また、主に10年間ぐらいまでの中長期的な契約期間となる物件に利用されることが多いです。例えば、コピー機(複合機)を使いたいケースによくリースが利用されますが、コピー機の法定耐用年数は5年のため、その場合は5年程度の契約期間が目安になります。
リースの場合、契約期間内での中途解約は原則不可となります。契約段階でリース会社が、購入した代金と同じ程度のリース料をユーザーから徴収する仕組みとなっており、どうしても中途解約したいときには、リースの残金をユーザーが一括で支払う必要があります。
契約期間が満了した場合には原則、リース会社に物件を返却することになりますが、よく聞く方法として「再リース」という契約があります。
契約期間満了後に再リース料を支払うことで契約を延長する方法ですが、一般的には、1年契約で年額リース料の12分の1程度の再リース料を支払うことが条件とされる場合が多くなっています。
なお、所有権移転ファイナンスリースで契約している場合には、契約期間満了後に物件の所有権がユーザーに移転することになります。
2.レンタルの場合
レンタルとは、レンタル会社が所有する物件をユーザーが選択して借りる方法で、一般的にはリースよりも短い期間での一時利用などで使われます。例えば車のレンタルでは、レンタカー会社が所有する車のなかから借りる場所、車種、利用期間などをユーザーが選んで借りることになります。
物件の保守修繕の義務は原則、レンタル会社にありますが、ユーザーの過失による事故などの場合には修繕の費用について一部負担することもあります。利用後は物件を返却し、再リースのような延長契約はないので、利用する期間を延長したい場合は再びレンタルすることになります。
リースのメリット、デメリット
リースの場合は毎月一定額のリース料を支払いますが、そのすべてを経費として費用計上できます。

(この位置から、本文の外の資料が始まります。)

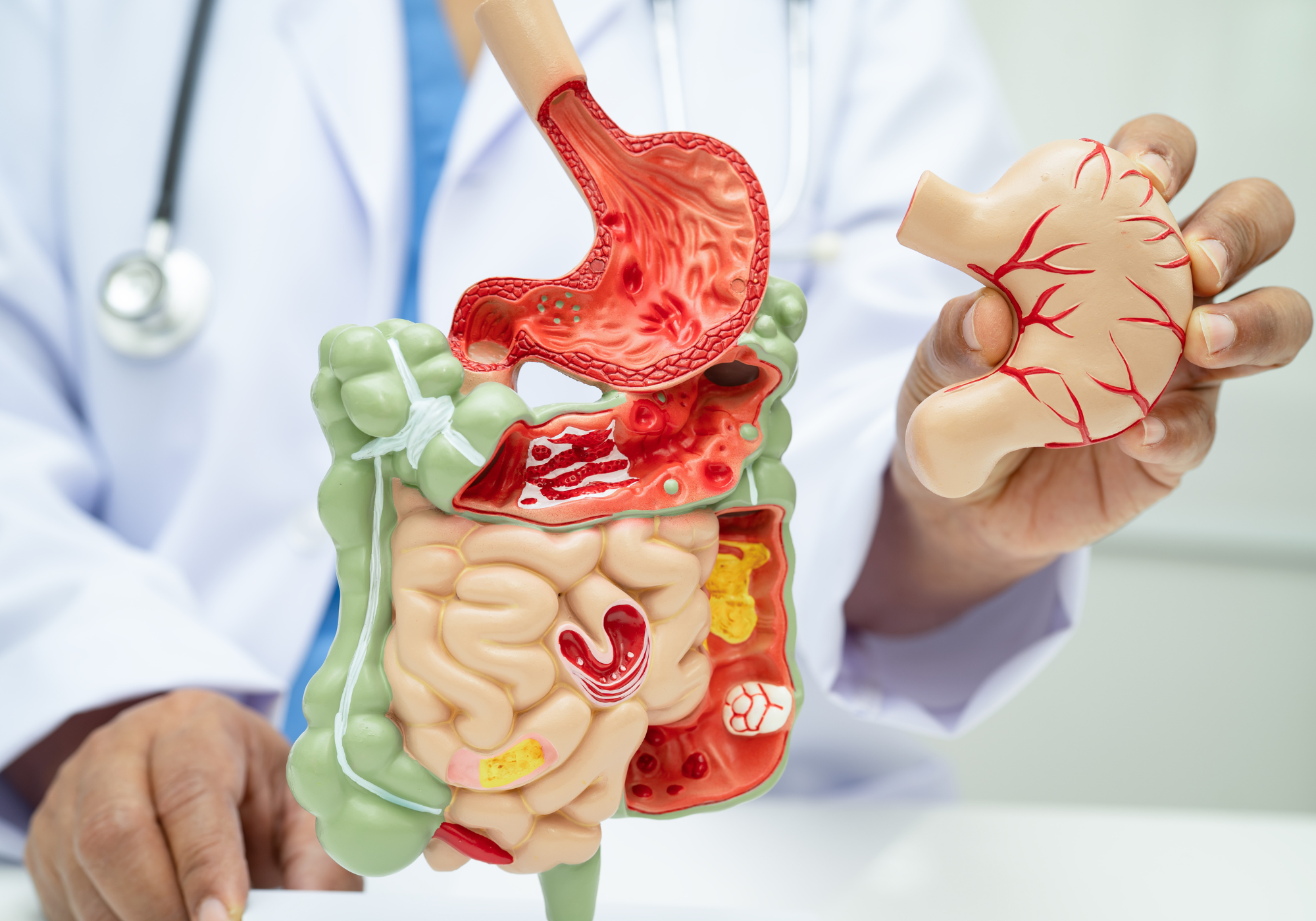 Darmflora verbessern bei Stress: Neurobiologische Zusammenhänge und Hilfe für den empfindlichen Bauch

仮に一定額以上の設備を購入した場合には、減価償却のルールに従い、減価償却費を毎期、費用計上することになります。リースの主なメリット、デメリットは以下のとおりです。
・設備投資の初期コストを少額に抑えることができる
・希望する設備をユーザーが選択できる
・月額料金が一定額で、レンタル料よりも割安である
・リース期間ごとに最新の設備を使うことができる
・一定のリース料を必要経費として計上できる
・リース契約の審査に通らない場合がある
・ユーザーに保守修繕の義務がある
・原則、中途解約ができない
レンタルのメリット、デメリット
レンタルの場合は、必要なときに利用する期間だけ借りることができる点が特徴となるでしょう。
・使いたいときに短期間でも利用できる
・利用後に返却するため、保管場所などを用意する必要がない
・中途解約が可能である
・通常利用での保守・修繕はレンタル会社が行う
・リースに比べて料金が割高である
・レンタル会社が所有する物件から選択するため、選択肢が少ない、あるいは希望するタイミングで借りられない場合がある
まとめ
スタートアップ企業にとって、設備投資などの初期費用をいかに抑えるかは重要な課題のひとつといえるでしょう。設備の「購入」、「リース」、「レンタル」をそれぞれの利用目的に応じてうまく使い分けることが、成功への鍵になるのかもしれません。